(What you are asked to do)
Apart from the pictures, reproduce the data below exactly as it stands.

Caption-style text data
────────────────

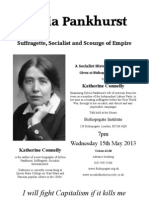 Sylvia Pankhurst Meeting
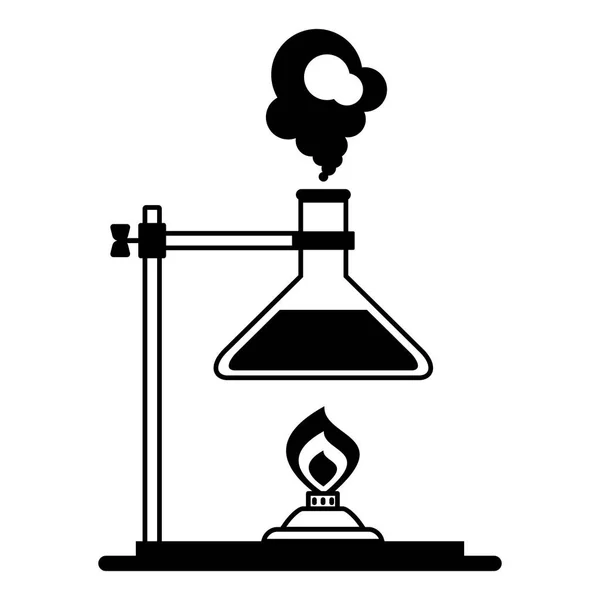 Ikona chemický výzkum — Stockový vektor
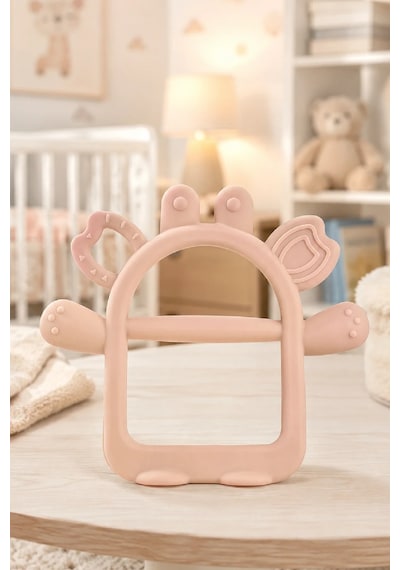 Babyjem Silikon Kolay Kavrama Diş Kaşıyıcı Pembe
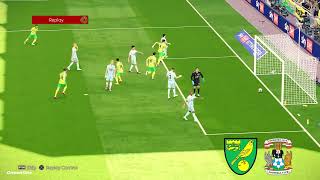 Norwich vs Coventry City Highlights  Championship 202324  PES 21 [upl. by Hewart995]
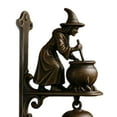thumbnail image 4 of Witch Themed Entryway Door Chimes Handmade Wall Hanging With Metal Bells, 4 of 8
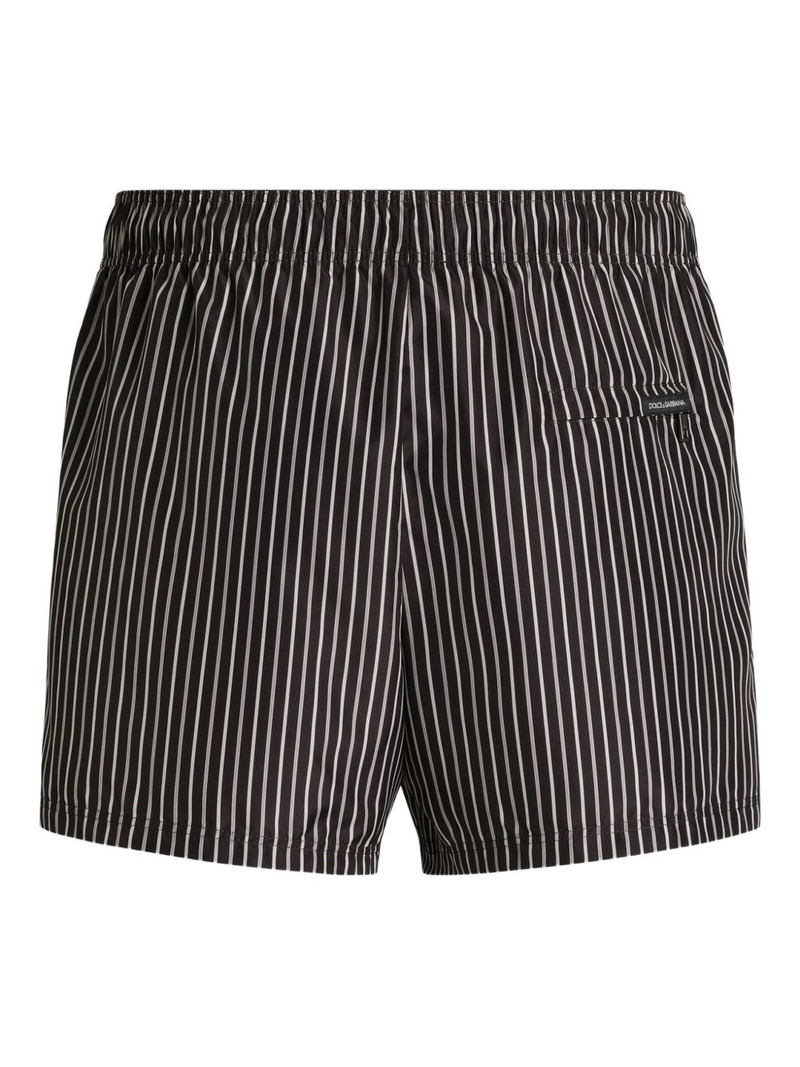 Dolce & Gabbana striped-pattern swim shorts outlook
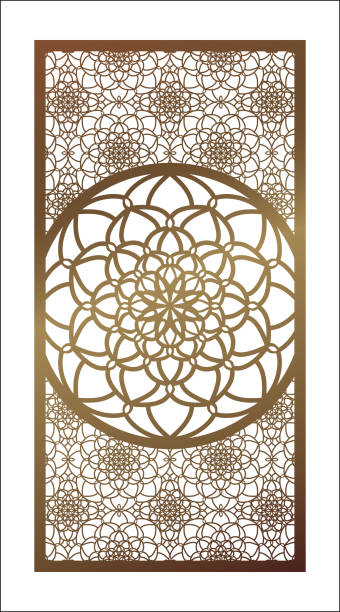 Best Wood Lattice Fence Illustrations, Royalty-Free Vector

────────────────

(Written solution)
 Sylvia Pankhurst Meeting
 Ikona chemický výzkum — Stockový vektor
 Babyjem Silikon Kolay Kavrama Diş Kaşıyıcı Pembe
 Norwich vs Coventry City Highlights  Championship 202324  PES 21 [upl. by Hewart995]
thumbnail image 4 of Witch Themed Entryway Door Chimes Handmade Wall Hanging With Metal Bells, 4 of 8
 Dolce & Gabbana striped-pattern swim shorts outlook
 Best Wood Lattice Fence Illustrations, Royalty-Free Vector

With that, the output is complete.